Still funny four years on: never has murder been quite so cheerful

Dianne Pilkington's femme fatale is as beguiling as she is short-lived

That an action hero should have many lives at his disposal is a given in these days of bullet-proof Bonds and Bournes. Perhaps greatest in his reincarnatory skills however is Richard Hannay. Originally the cerebral hero of John Buchan’s novel The 39 Steps, Hannay was reinvented in an altogether more comedic vein for Hitchcock’s 1935 film, returned for two more celluloid outings (with a new interest in bomb-disposal), and landed a self-titled TV spin-off.

Most recently it is his stage exploits that have captivated audiences. Celebrating four years in London’s West End this week, will the tireless Richard Hannay ever run out of steam?
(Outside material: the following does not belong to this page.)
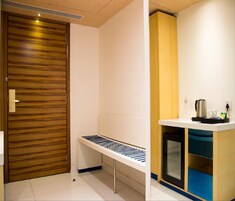 A modern kitchen with a wooden door, a built-in bench, and a microwave.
Not at this rate. Maria Aitken’s joyously homespun show (originally conceived for the West Yorkshire Playhouse, and coming to the West End by way of Kilburn’s Tricycle Theatre) takes the many locations, hundreds of actors and several hours of Hitchcock’s film and condenses them into the work of just four actors and a motley collection of props. It’s a joke that still feels remarkably fresh four years on, its endearing make-do-and-mend quality perfectly suited to the improvisatory heroics of Hannay himself.

Thus when Hannay becomes inadvertently “inwolwed” with beguiling spy Annabella Smith, his dash to Scotland following her murder, cross-country pursuit, romantic entanglement and unmasking of dastardly German ringleader The Professor, all take place within a single bare-walled set, requiring not so much leaps of imagination as ocean voyages. It’s a spoof of a spoof, and one that relies absolutely upon the skill and ingenious flexibility of its cast to hit its mark.
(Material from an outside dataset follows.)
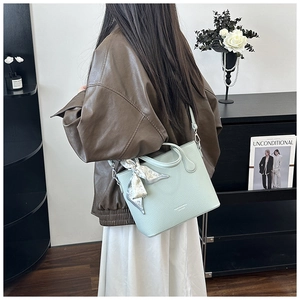 Détail du sac cabas vert menthe avec texture litchi et poignée foulard en soie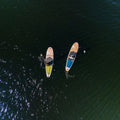 Two paddle boards on a body of water from an aerial perspective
There are some glorious set-pieces. Hannay’s escape from a moving train (a series of packing cases), leap from the Forth Bridge (a ladder) and subsequent pursuit to the wilds of Scotland (rendered in shadow play, complete with vivid biplane attack) are surprisingly compelling, and if not exactly thrilling we gain far more in the comedy of Peter McKintosh’s design than we lose in actual suspense.

Central to Hitchcock’s rewrite, and to the play’s appeal is the unlikely romance between our hero and the plucky Pamela, to whom he becomes handcuffed in a particularly convoluted bit of plotting. Believing him to be a ladykiller of a rather more literal variety, Pamela’s sparring and Hannay’s none-too-chivalrous coaxing fosters some serious tension. This reaches its deliciously coy climax when Pamela attempts to remove her wet stockings while still handcuffed to Hannay, with predictably comedic and unwittingly sexy results.

Currently filling Hannay’s Harris Tweeds is David Bark-Jones, a suitably clipped-vowelled and floppy-haired hero, whose ultimate dramatic coup is surely that of pulling off a pencil moustache. He is matched quip for quip by Dianne Pilkington (in all the female roles), though almost overshadowed by the throaty husk of her gloriously overdone German accent as Annabella, and the two provide a gamely sincere focus, setting into relief the endless campery of their two fellow actors (Jeremy Swift and Timothy Speyer) in all the remaining roles.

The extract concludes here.